### RECORD SET ###

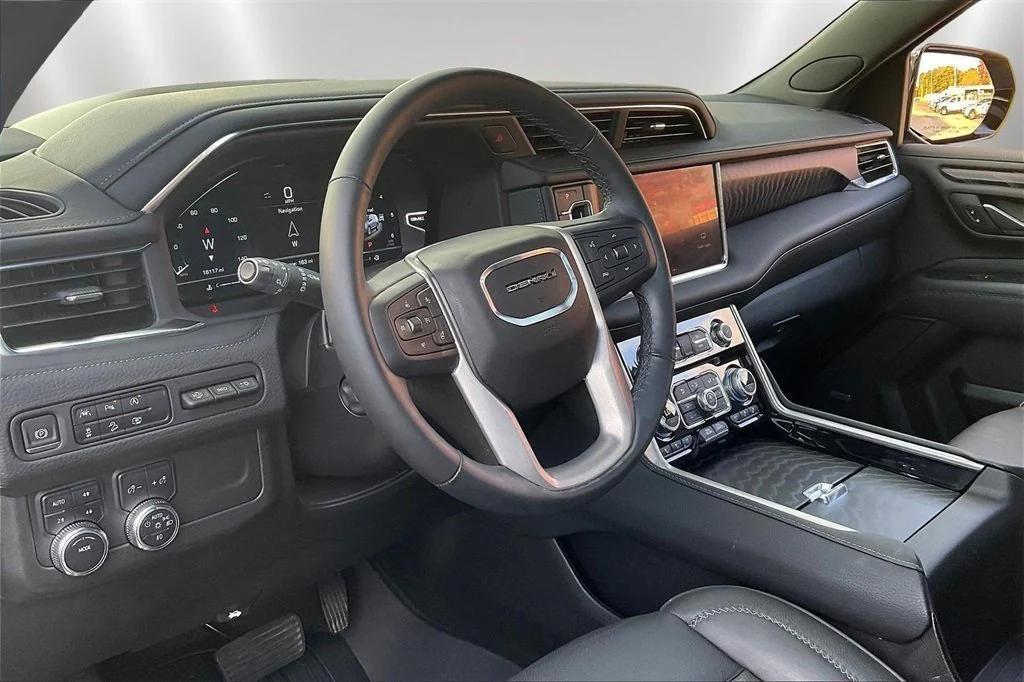 used 2024 GMC Yukon car, priced at $73,999
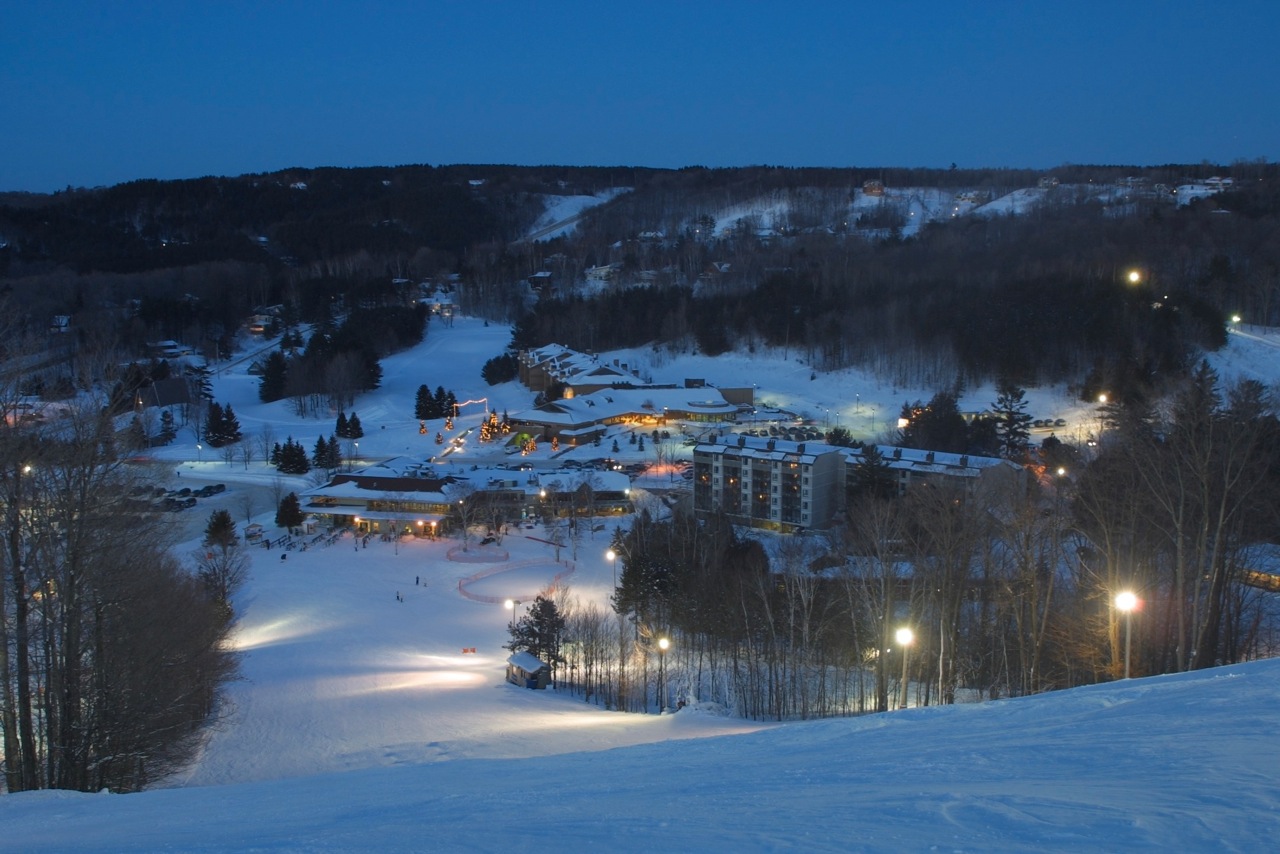 Horseshoe Resort in Canada: a view of a ski resort at night.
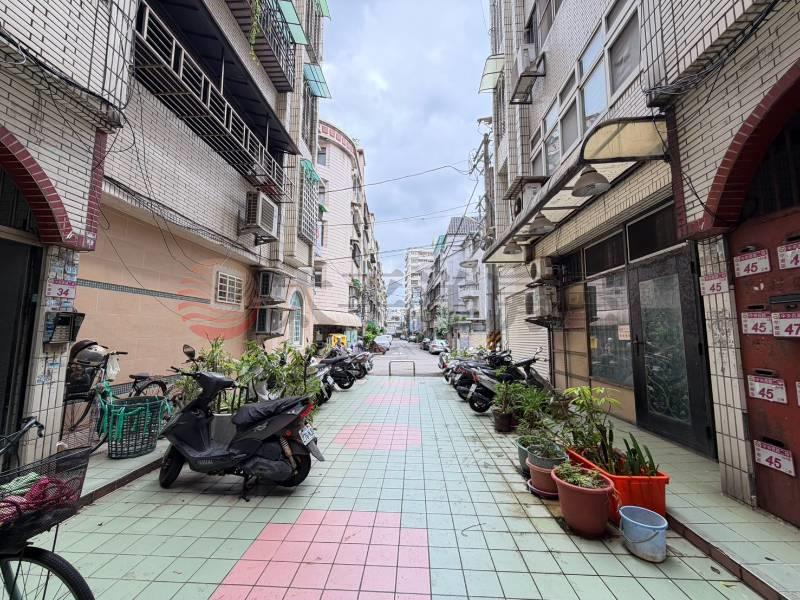 中壢夜市公寓1樓店面,桃園市中壢區中央西路二段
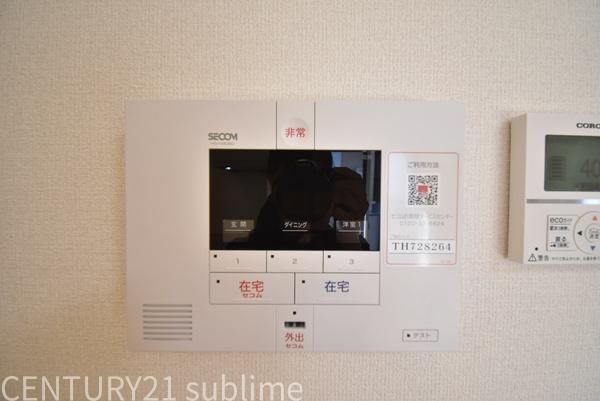 �y�Z�L�����e�B�z�@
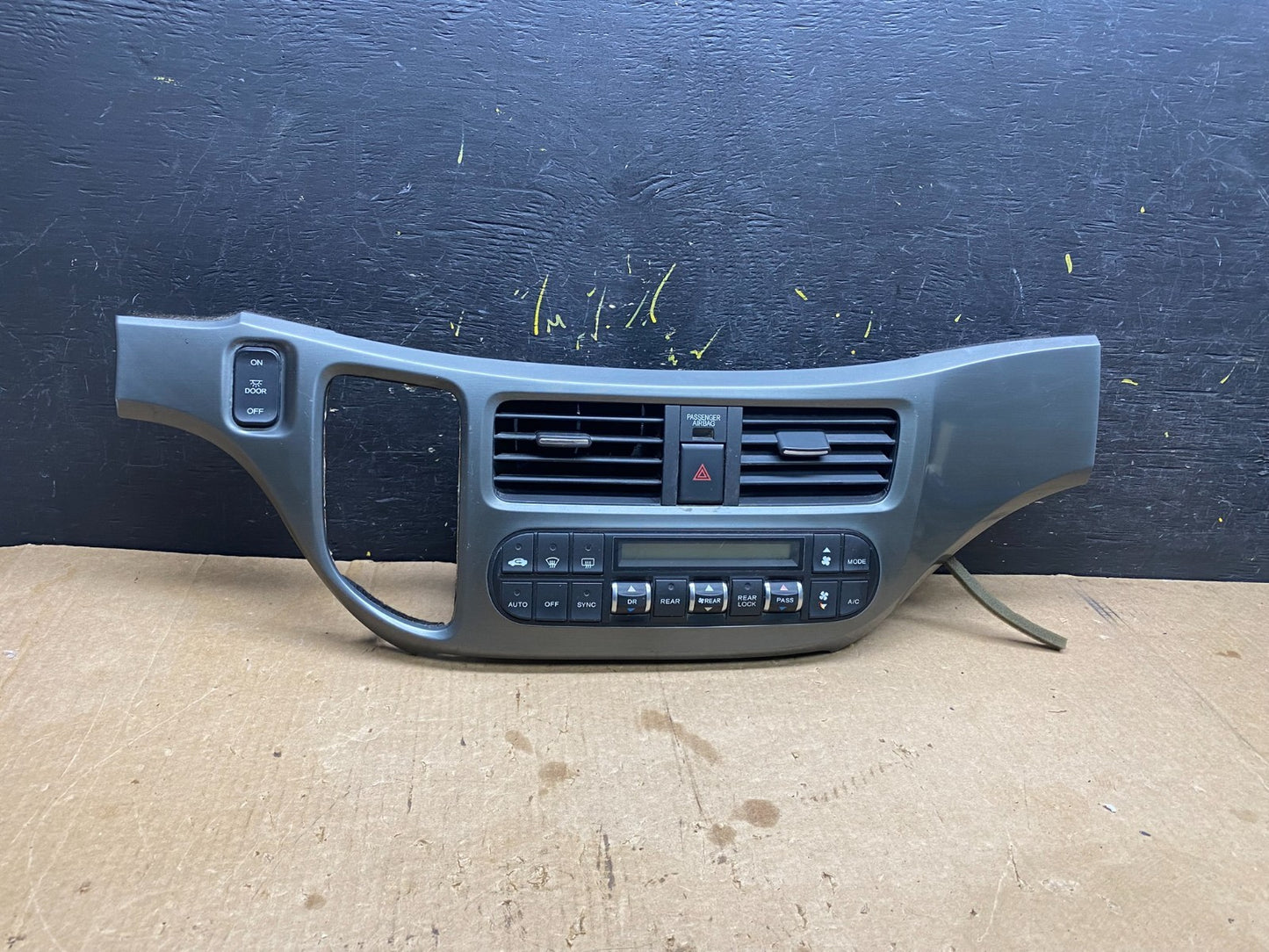 2005 to 2010 Honda Odyssey  Radio Climate Control Dash Trim Bezel Z4456 DG0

###

ABOUT THIS EXERCISE:
Retype the listing above exactly as it appears, omitting the pictures.

RESPONSE AREA:
 used 2024 GMC Yukon car, priced at $73,999
 Horseshoe Resort in Canada: a view of a ski resort at night.
 中壢夜市公寓1樓店面,桃園市中壢區中央西路二段
 �y�Z�L�����e�B�z�@
 2005 to 2010 Honda Odyssey  Radio Climate Control Dash Trim Bezel Z4456 DG0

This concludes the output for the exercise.